Surat bernomor 289/SPA/HAD-NON LIT/DPP-BIAS/TNG/X/2025 tersebut berisi permohonan pertemuan resmi untuk membahas dan memperoleh klarifikasi terhadap sejumlah alokasi anggaran APBD Tahun 2025 di lingkungan Disporabudpar Kabupaten Tangerang.

Ketua Umum DPP BIAS Indonesia, Eky Amartin, menyampaikan bahwa permohonan audiensi tersebut merupakan bagian dari peran lembaganya dalam memastikan transparansi dan akuntabilitas pengelolaan anggaran publik di sektor kepemudaan, kebudayaan, dan pariwisata daerah.

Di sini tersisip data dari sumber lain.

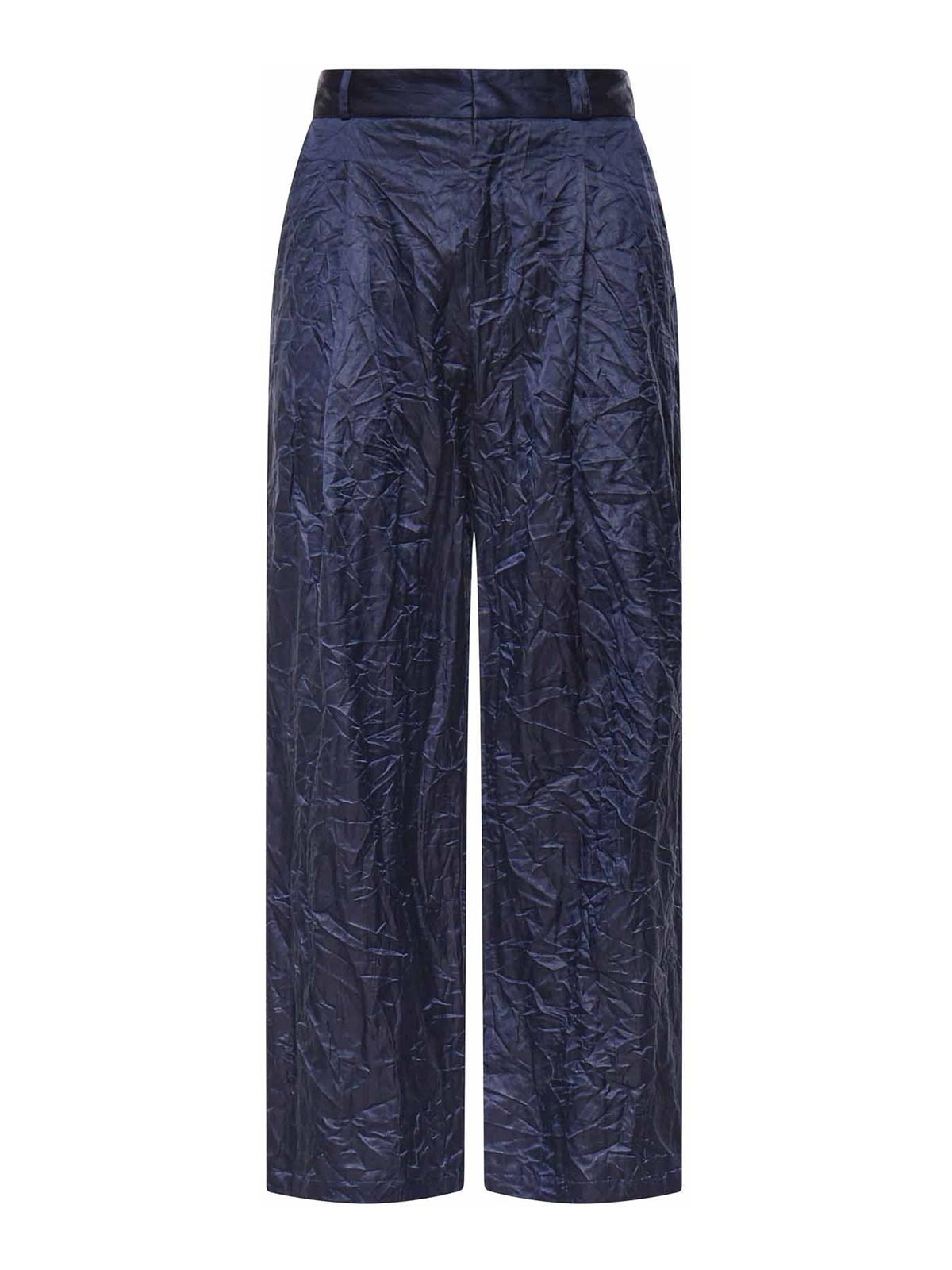 Super-Loose Velvet Pants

“Kami ingin memastikan bahwa setiap rupiah yang dialokasikan dari APBD benar-benar digunakan untuk kepentingan masyarakat, bukan sekadar angka di atas kertas,” tegas Eky Amartin.

Dalam surat tersebut, DPP BIAS Indonesia secara rinci menyoroti beberapa kegiatan dengan nilai anggaran yang cukup besar, antara lain:

Pembinaan dan Pengembangan Olahragawan Berprestasi Kabupaten/Kota. Pemusatan Latihan Daerah (Pelatda) terintegrasi dengan Sport Science. Koordinasi dan Penyelenggaraan Pengembangan Kepemimpinan Pemuda. Pelindungan, Pengembangan, dan Pemanfaatan Objek Pemajuan Kebudayaan. Pembinaan SDM dan Lembaga Kebudayaan. Pemberdayaan dan Pembinaan Masyarakat untuk Pengembangan Pariwisata. Fasilitasi Kegiatan Pemasaran Pariwisata Dalam dan Luar Negeri. Penguatan Promosi Melalui Media Cetak, Elektronik, dan Media Lainnya.

DPP BIAS Indonesia menilai penting adanya keterbukaan informasi publik terhadap rincian program dan pelaksanaan kegiatan yang dibiayai dari APBD tersebut, agar tidak terjadi potensi penyimpangan dan agar masyarakat dapat menilai langsung manfaatnya.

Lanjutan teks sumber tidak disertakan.